Records shown:
------------------------------------

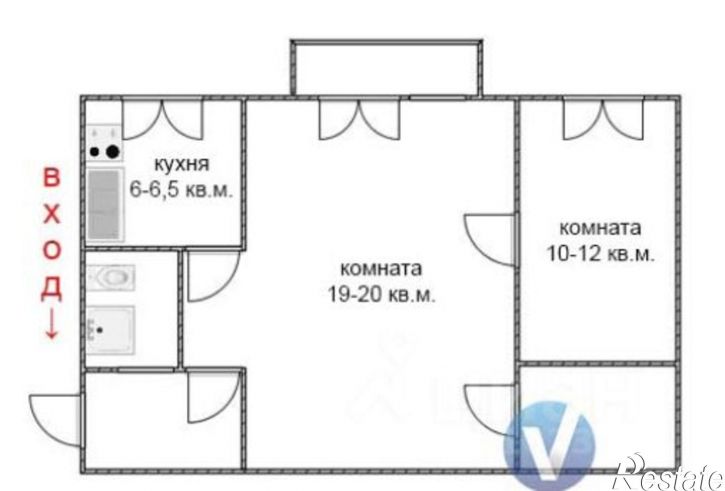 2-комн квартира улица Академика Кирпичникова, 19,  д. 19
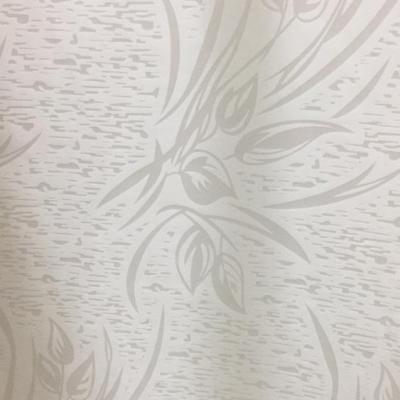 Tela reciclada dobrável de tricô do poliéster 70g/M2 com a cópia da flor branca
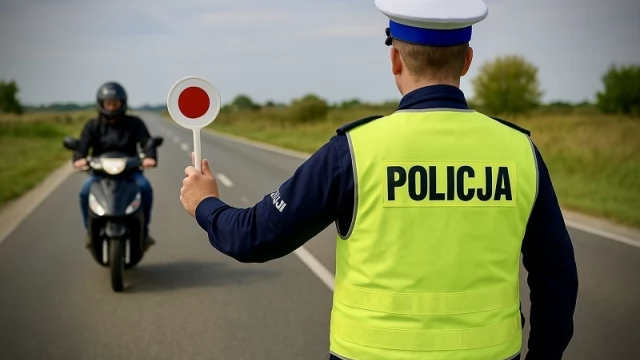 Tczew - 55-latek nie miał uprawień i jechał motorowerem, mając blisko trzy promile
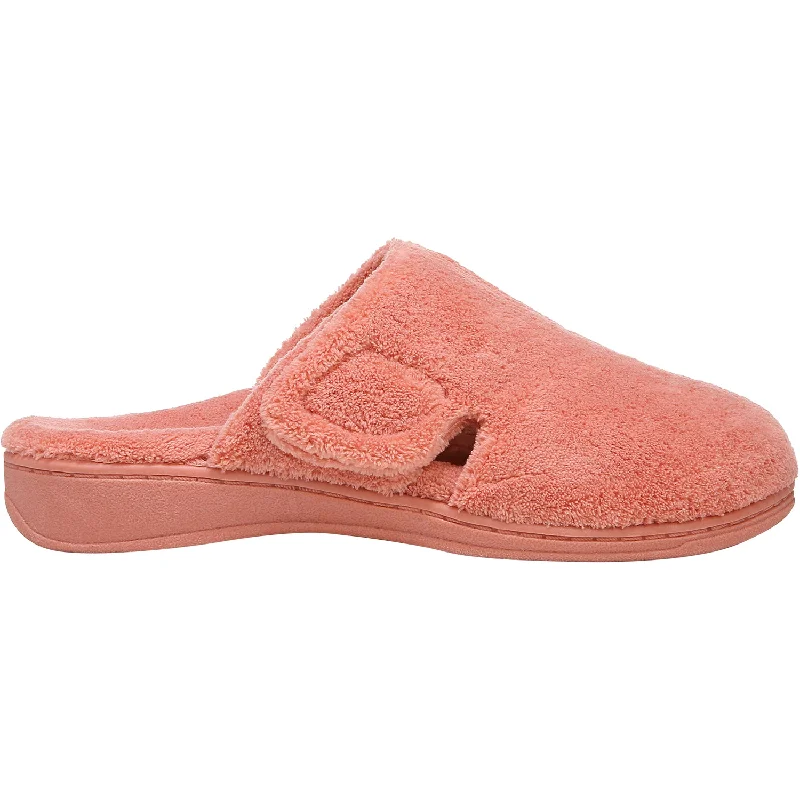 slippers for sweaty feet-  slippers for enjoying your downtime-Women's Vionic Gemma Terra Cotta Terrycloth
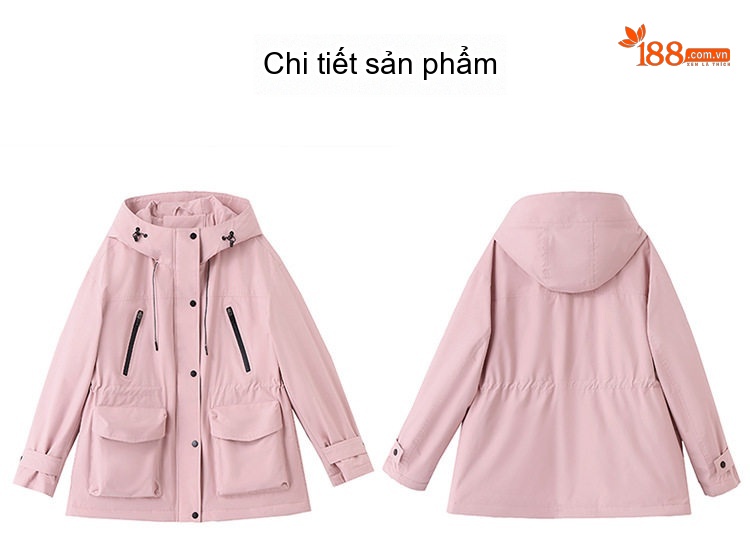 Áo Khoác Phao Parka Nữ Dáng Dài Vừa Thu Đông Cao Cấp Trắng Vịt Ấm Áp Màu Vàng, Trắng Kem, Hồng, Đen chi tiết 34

------------------------------------

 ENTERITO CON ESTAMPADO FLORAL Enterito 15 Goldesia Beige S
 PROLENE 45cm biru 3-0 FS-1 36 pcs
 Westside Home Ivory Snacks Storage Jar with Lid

------------------------------------

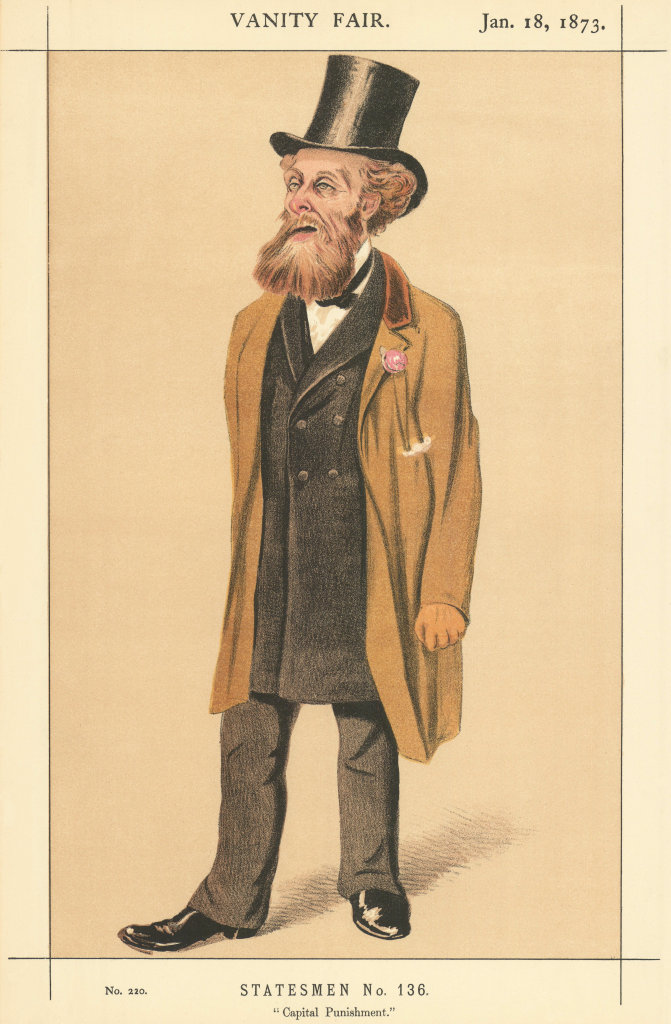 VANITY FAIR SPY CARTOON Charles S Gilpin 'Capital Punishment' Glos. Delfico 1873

------------------------------------

Your instructions: Look through the entries above and quote exactly the lines from the line with "PROLENE 45cm biru 3-0 FS-1 36 pcs" to the line with "Westside Home Ivory", counting both of those lines.

Response for this exercise:
 PROLENE 45cm biru 3-0 FS-1 36 pcs
 Westside Home Ivory Snacks Storage Jar with Lid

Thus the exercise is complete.